Die EU versteht sich gemeinhin als Solidarund Wertegemeinschaft. So haben die Nettozahlungen der EU an Griechenland seit dessen Beitritt 1981 bis 2013 pro Jahr im Durchschnitt 2,9 Prozent der griechischen Wirtschaftsleistung betragen. Trotzdem blieb Griechenland bis heute ein armes und nicht erst seit der Finanzkrise hoch verschuldetes Land – von Parteien regiert, die nur Klientelpolitik betrieben. Die Regeln zur Wirtschafts- und Finanzpolitik wurden so massiv gebrochen wie nirgendwo sonst. 2009 kam das Eingeständnis der Pleite.
Die EU hat geholfen, erst zögerlich, dann kräftig: zwei Hilfspakete, insgesamt 240 Mrd. Euro an Krediten mit minimaler Verzinsung, letztlich Geld der europäischen Steuerzahler. Solche Hilfsleistungen können prinzipiell nur mit entsprechenden Auflagen gewährt werden.
Den Geldgebern ist vorzuhalten, dass ihre Sparvorgaben eine Rezession auslösten. Für die dadurch entstandene soziale Katastrophe trägt aber die alte griechische Regierung, die Masseneinkommen beschnitt und Steuerschlupflöcher der Eliten bestehen ließ, die Mitschuld.
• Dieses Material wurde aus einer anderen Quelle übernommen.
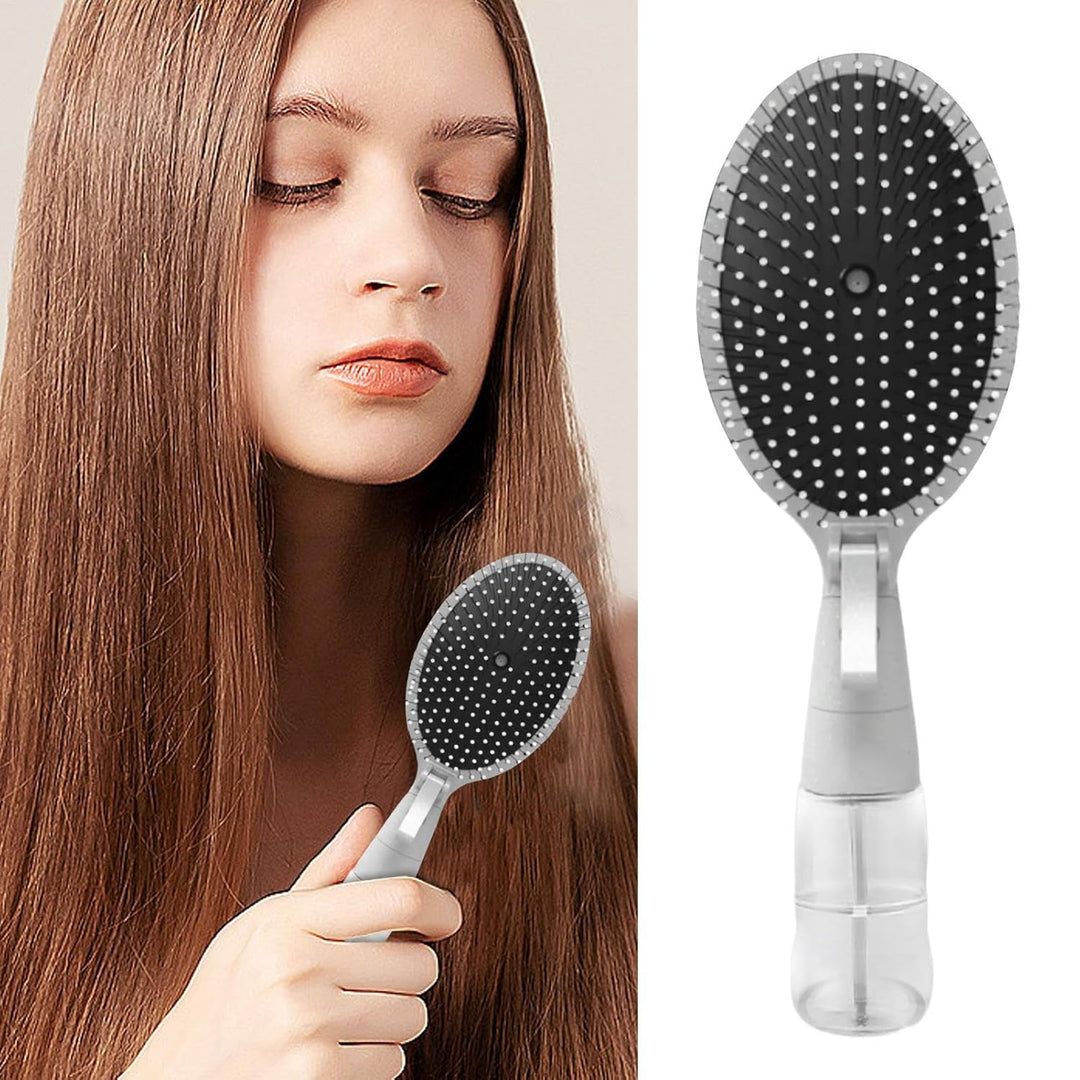 Sprühbürste, Entwirrungs-Haar-Werkzeug mit eingebautem Nebel, Fellpflegekamm für nasses Styling, nac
Die Wahl im Jänner 2015 war ein Aufstand gegen diese Politik. Doch die neuen Herren in Athen konnten oder wollten nicht verstehen, dass eine Solidargemeinschaft wie die EU und die Eurozone von Regeln lebt, die in der Substanz nicht gebrochen werden können, ohne die Existenz der Gemeinschaft aufs Spiel zu setzen. Die neue Regierung verstand auch nicht, dass Verhandlungen nur erfolgreich sind, wenn der Wille zur konstruktiven Zusammenarbeit besteht. Und dass nicht nur sie demokratisch legitimiert und den Wählern verantwortlich ist, sondern auch ihre Geldgeber. Und sie nahmen in Kauf, dass ein monatelanger Zickzackkurs, ohne konkrete Lösungsvorschläge im Rahmen des Machbaren, in eine Sackgasse führen muss.
Vom Verhandlungstisch aufzustehen und die Bevölkerung über ein Sparprogramm abstimmen zu lassen, das mit dem Verlassen des Tisches obsolet geworden ist, geht noch als Irreführung durch. Dass man die Konsequenzen eines Ja oder Nein beim Referendum nicht aufzeigt, ist aber Betrug an den eigenen Wählern.
Die EZB kann nach dem Nein beim Referendum wegen der griechischen Notenbank bis auf Weiteres keine zusätzliche Liquidität bereitstellen. Damit sind die Banken pleite.
Die EU muss, schon um glaubwürdig zu bleiben, darauf beharren, dass einmal aufgestellte Regeln nicht einseitig „abgeschafft“, sondern nur gemeinsam abgeändert werden können. Damit wird die Situation in Griechenland dramatisch. Die Solidarität der EU kann sich in dieser Situation nur auf ein humanitäres Hilfsprogramm beschränken. Eine stärkere Verhandlungsposition für Tsipras und Co. ist nicht zu sehen, aber viel mehr Leid für die Griechen.